Cette construction grammaticale est en effet doublement équivoque. Elle focalise tout l’énoncé sur le sujet – la personne victime – en faisant disparaître l’auteur des faits, l’agresseur. Ce dernier est alors invisibilisé par le sens passif « se faire + infinitif », une structure très courante qui insiste sur le sujet qui subit l’action. Dans le cas qui nous intéresse, cet emploi sous-entend quasiment une forme de consentement de la victime. Par habitude, sans même que l’on s’en rende compte, cette expression est souvent employée.
La sensibilité des auditeurs à la langue française invite à nous interroger sur ce que les mots que nous employons contribuent à forger comme réalités sociales et politiques. Quand on a le pouvoir d’imposer un mot ou une expression dans le débat public, veillons à ce qu’il reflète au mieux un fait social ou le réel de nos concitoyens.

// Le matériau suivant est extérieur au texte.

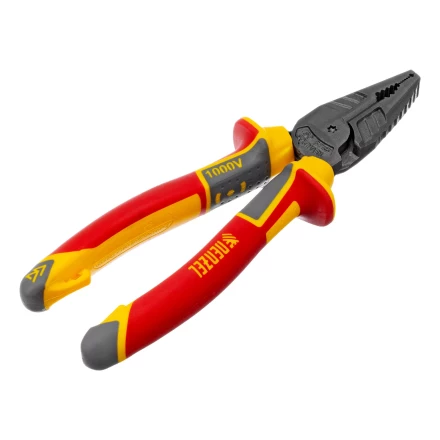 Плоскогубцы комбинированные Denzel 17086, диэлектрические трехкомпонентные рукоятки до 1000 В, 180 мм купить в Губкинске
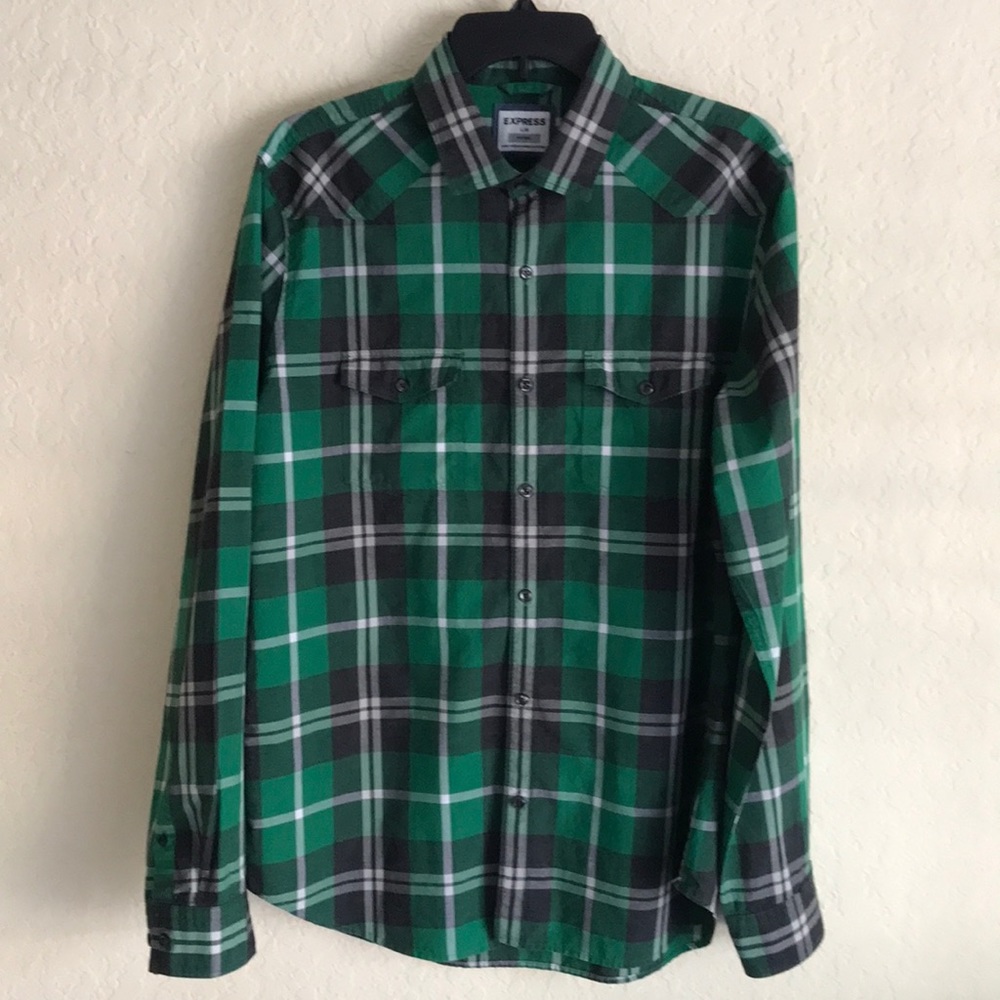 Long sleeve men’s fitted shirt.
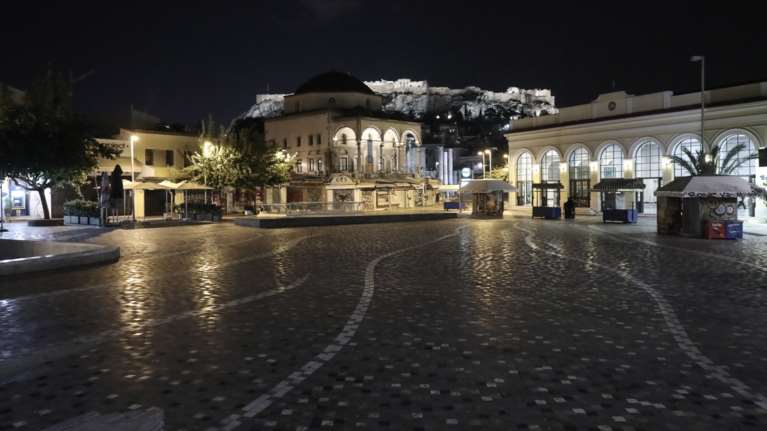 Απαγόρευση κυκλοφορίας: Ερήμωσαν οι δρόμοι σε Αθήνα και Θεσσαλονίκη - Πρωτόγνωρες εικόνες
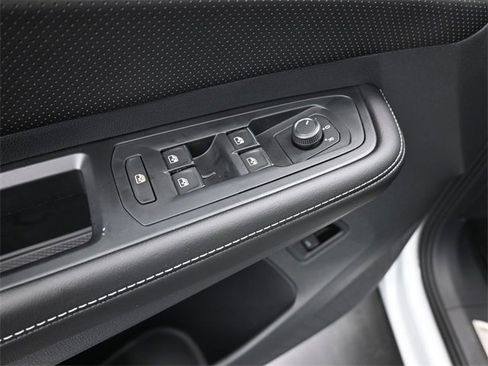 New 2026 Volkswagen Atlas SE image 13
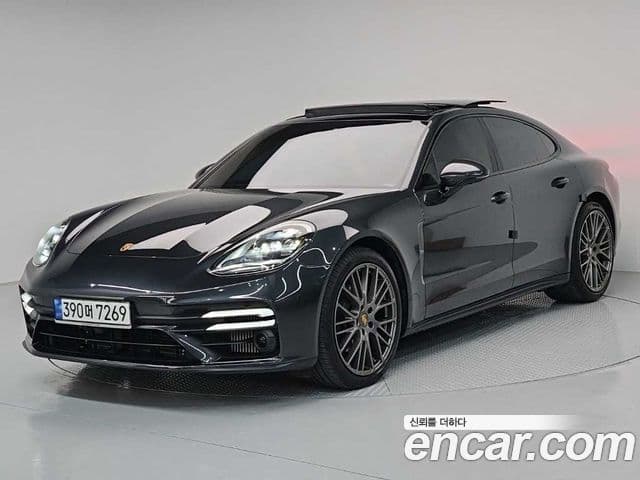 Porsche Panamera 2023 — Photo 2/17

Ainsi quand on dit « elle s’est fait violer », n’induit-on pas une acceptation de la victime ? Nous avons posé la question à Laélia Véron, enseignante-chercheuse en stylistique et langue française dans cette vidéo. L’universitaire nuance l’approche, si elle indique que « se faire + infinitif » ne signifie pas toujours que le sujet est au centre de l’action, elle indique cependant que, dans la formulation de tels faits, il convient d’éviter toute ambiguïté.

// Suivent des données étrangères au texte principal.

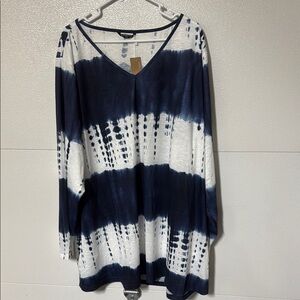 BloomChic Blue and White Relaxed Tunic Top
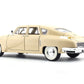 1948 Tucker Torpedo beige 1:18 Road Signature diecast Scale Model car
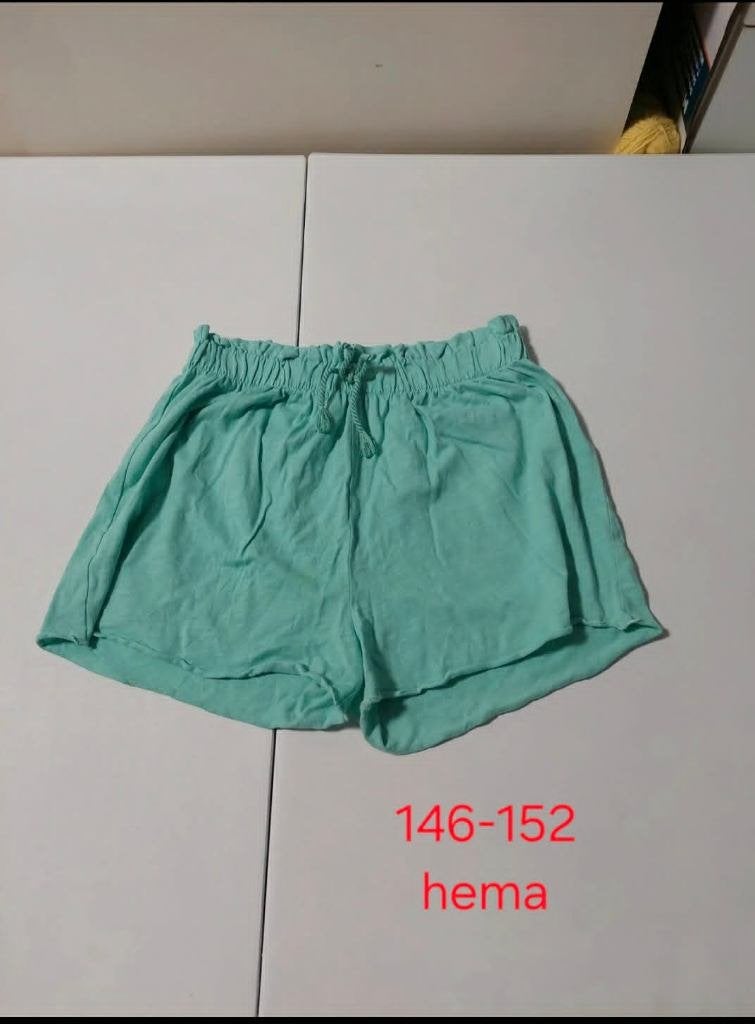 Meisjes Schorts aan 2 € stuk Maat en versc, Enfants & Bébés, Vêtements enfant | Taille 146, Enlèvement, Comme neuf, Fille, Pantalon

« La nuit du 13 novembre racontée par les appels au Samu »
Gaële Joly, journaliste Police/Justice à Franceinfo, est cette année lauréate du prix du reportage Radio France 2021, décerné par un jury composé de journalistes des différentes antennes du groupe. Ce prix récompense son reportage “La nuit du 13 novembre racontée par les appels au Samu”, diffusé sur Franceinfo le 30 août 2021. C’est une véritable plongée dans la nuit du 13 novembre à travers l’enregistrement des appels qui, cette nuit-là, ont transité par la plateforme du Samu de Paris : témoins, victimes, services de secours, pompiers, police, hôpitaux. La réalisation est signée David Jacubowiez.

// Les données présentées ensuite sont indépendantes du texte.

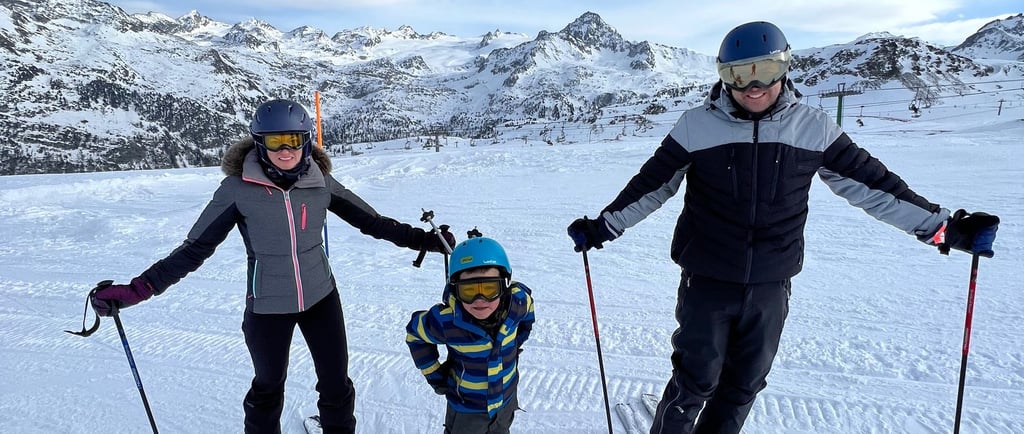 family skiing in la thuile italy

Ce reportage remarquable est également salué par cet auditeur professeur d’histoire :
« En écoutant ce matin Franceinfo, j’ai appris que vous aviez été récompensée pour votre reportage sur les appels d’urgence du 13 novembre. Je tenais en quelques mots à vous dire combien je trouvais cette distinction justifiée. J’ai été extrêmement ému par votre reportage, découvert dans sa totalité sur le site internet dès la fin août, mais surtout je tiens à souligner la dignité et la déontologie de votre approche : vous assumez votre rôle fondamental dans le devoir de mémoire nécessaire tout en prenant le recul impératif à votre mission et en refusant le sensationnalisme. Inutile d’en dire davantage, je pense que vous comprenez le sens de mon message comme j’ai cru saisir celui de votre démarche, bien réexpliquée ce matin. A la fois en tant qu’enseignant et en tant qu’historien de formation, je salue donc votre travail, et en cette heure où l’on ne prend le temps d’écrire que pour manifester son mécontentement, je jugeais essentiel de le prendre pour vous remercier. »
Cette récompense permet à Gaële Joly de représenter Radio France au Prix du journalisme des Médias Francophones Publics. Cette distinction, qui met en compétition des reportages présentés par chacune des cinq radios membres (Radio France, RFI, la RTBF en Belgique, la RTS en Suisse et Radio Canada), sera décerné par un jury international d’auditeurs le 5 décembre prochain.